Stored data entries

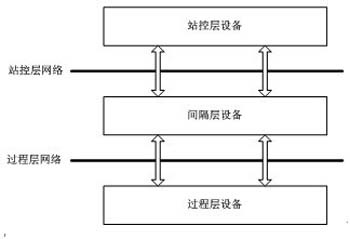 智能变电站中MMS和GOOSE的含义？ 变电站mms网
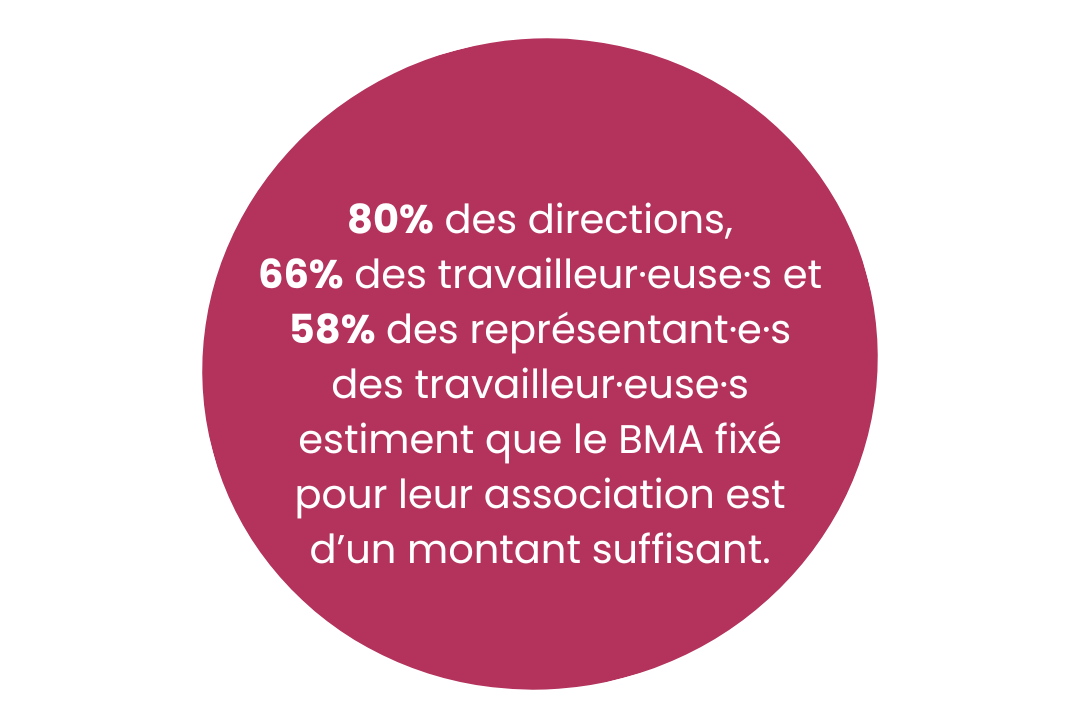 Montant du BMA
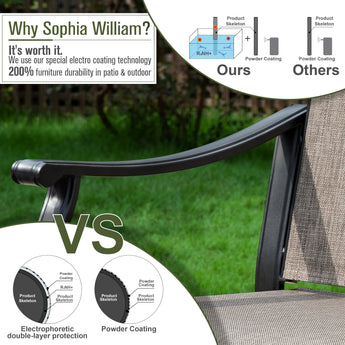 Sophia & William Patio Dining Set 9 Pieces, 8 Quick Dry Textilene Chairs and 1 Expandable Outdoor Dining Table, All-Weather Patio Furniture for Lawn, Park, and Courtyard Support 350lbs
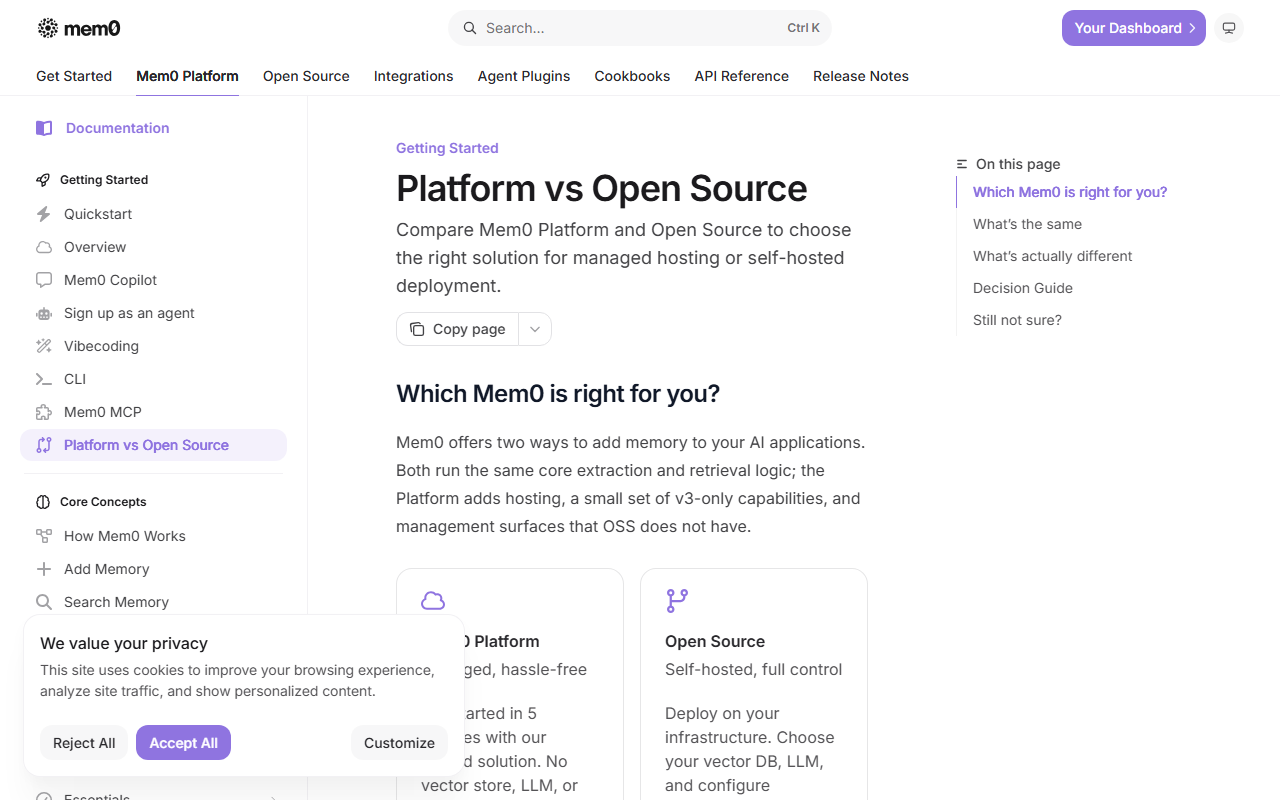Mem0 documentation page titled Platform vs Open Source with the question Which Mem0 is right for you and two cards for Mem0 Platform and Open Source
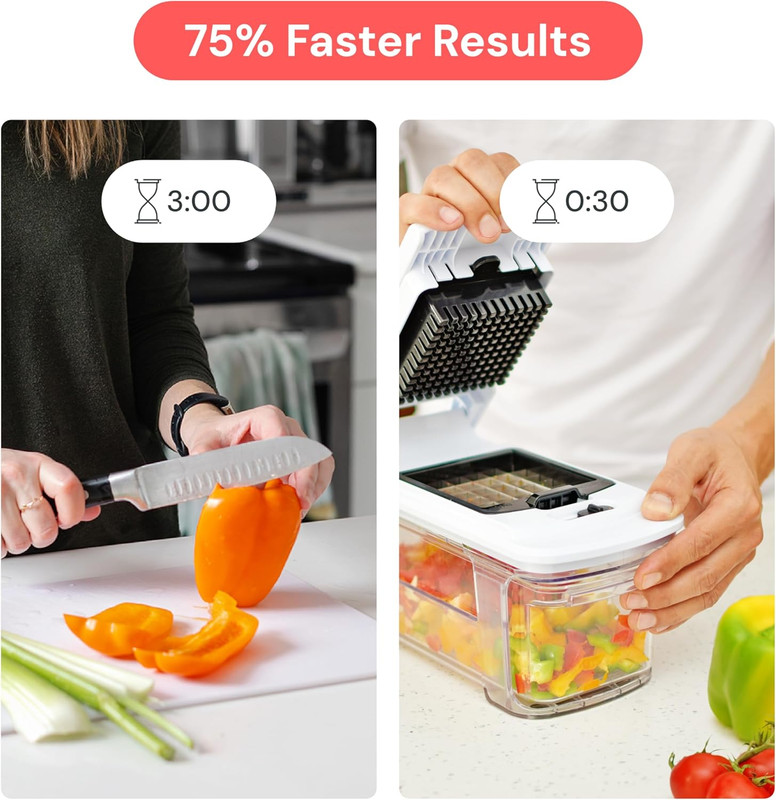 Mandoline Slicer for Kitchen - Vegetable Chopper, Onion Potato Food Veggie Fruit gallery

What is needed
Transcribe the lines above exactly, beginning at the one with "Sophia & William" and ending at the one with "Mem0 documentation page". Include both; exclude the pictures.

Problem solution
 Sophia & William Patio Dining Set 9 Pieces, 8 Quick Dry Textilene Chairs and 1 Expandable Outdoor Dining Table, All-Weather Patio Furniture for Lawn, Park, and Courtyard Support 350lbs
Mem0 documentation page titled Platform vs Open Source with the question Which Mem0 is right for you and two cards for Mem0 Platform and Open Source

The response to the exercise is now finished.